Supplied material Block Start

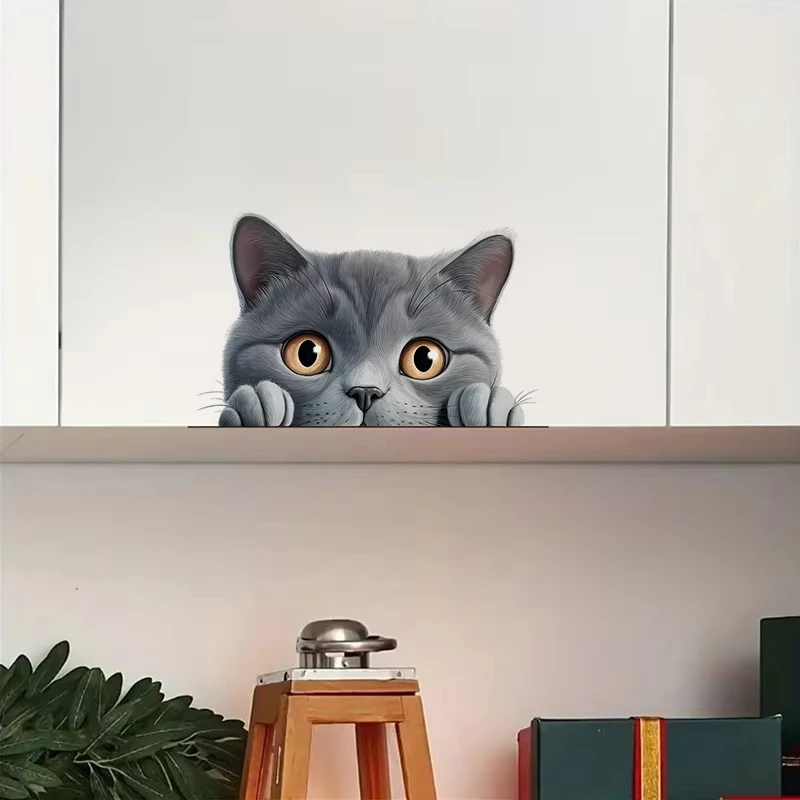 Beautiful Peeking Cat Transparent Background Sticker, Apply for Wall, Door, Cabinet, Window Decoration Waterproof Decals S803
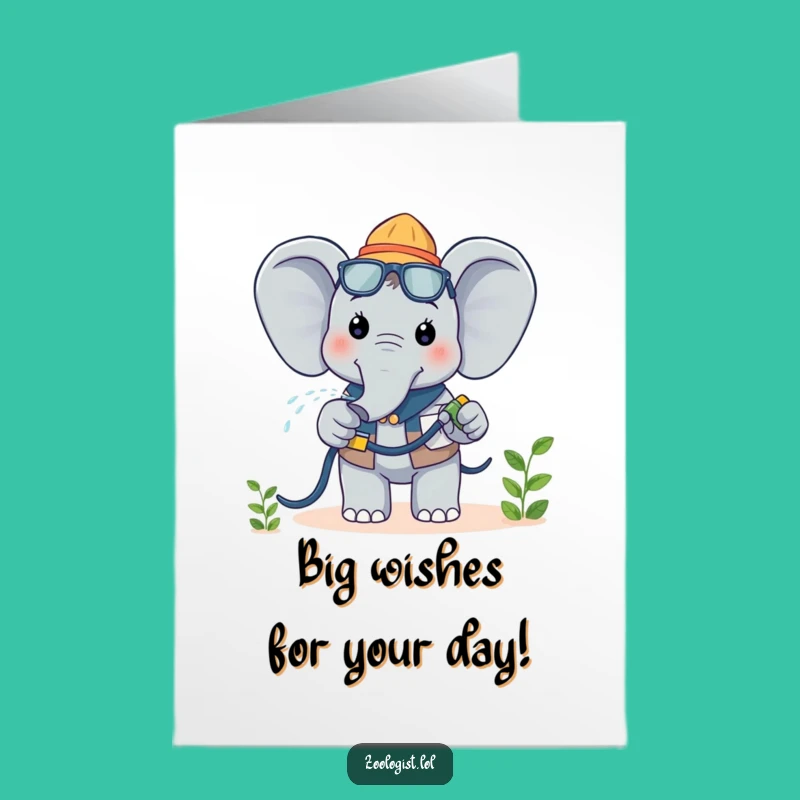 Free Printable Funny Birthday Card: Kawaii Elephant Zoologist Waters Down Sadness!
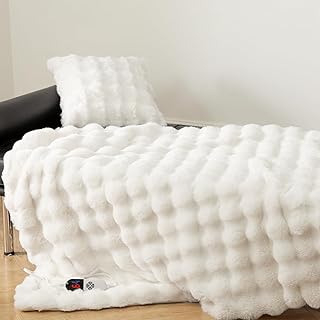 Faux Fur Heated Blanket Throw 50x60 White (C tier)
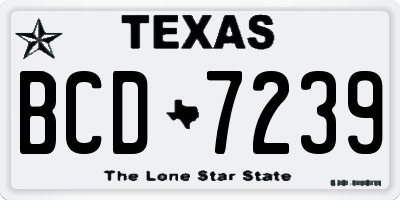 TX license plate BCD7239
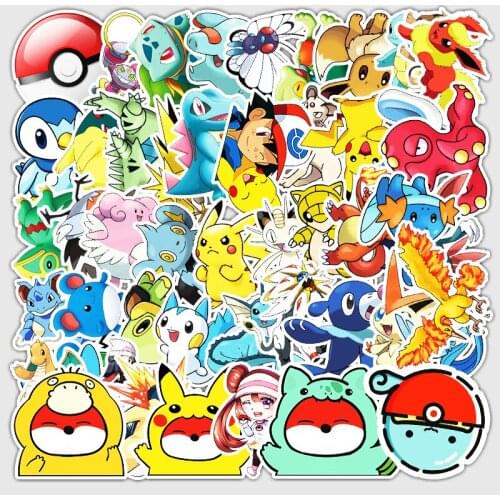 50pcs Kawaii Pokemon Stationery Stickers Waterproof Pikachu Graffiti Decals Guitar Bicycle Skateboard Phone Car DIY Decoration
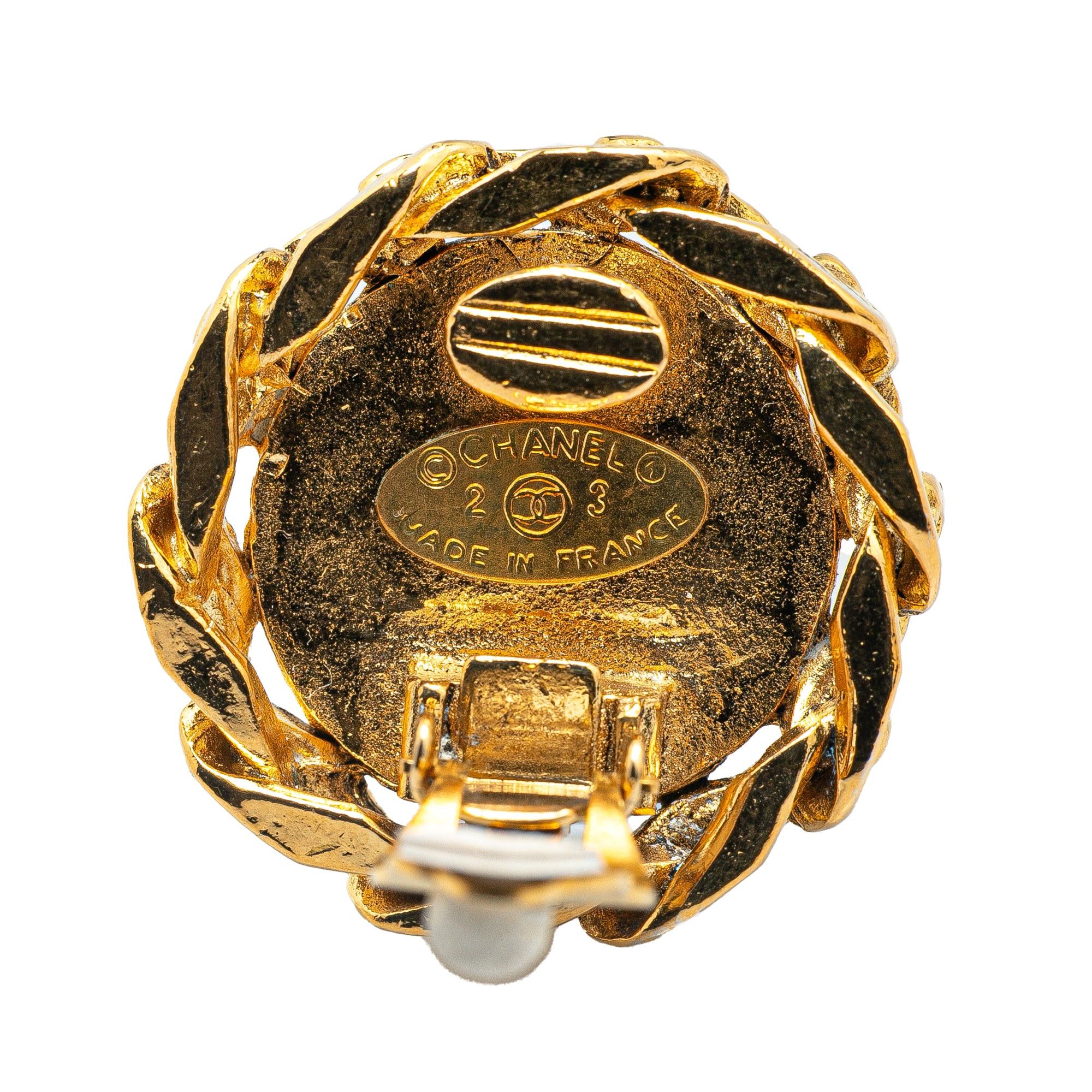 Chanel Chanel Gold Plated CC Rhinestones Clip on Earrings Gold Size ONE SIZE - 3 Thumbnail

Supplied material Block End

# What needs to be done:
Ending at the line with "50pcs Kawaii Pokemon", reproduce exactly the lines that begin at the top of the data, and include no pictures.

# Output:
 Beautiful Peeking Cat Transparent Background Sticker, Apply for Wall, Door, Cabinet, Window Decoration Waterproof Decals S803
 Free Printable Funny Birthday Card: Kawaii Elephant Zoologist Waters Down Sadness!
 Faux Fur Heated Blanket Throw 50x60 White (C tier)
 TX license plate BCD7239
 50pcs Kawaii Pokemon Stationery Stickers Waterproof Pikachu Graffiti Decals Guitar Bicycle Skateboard Phone Car DIY Decoration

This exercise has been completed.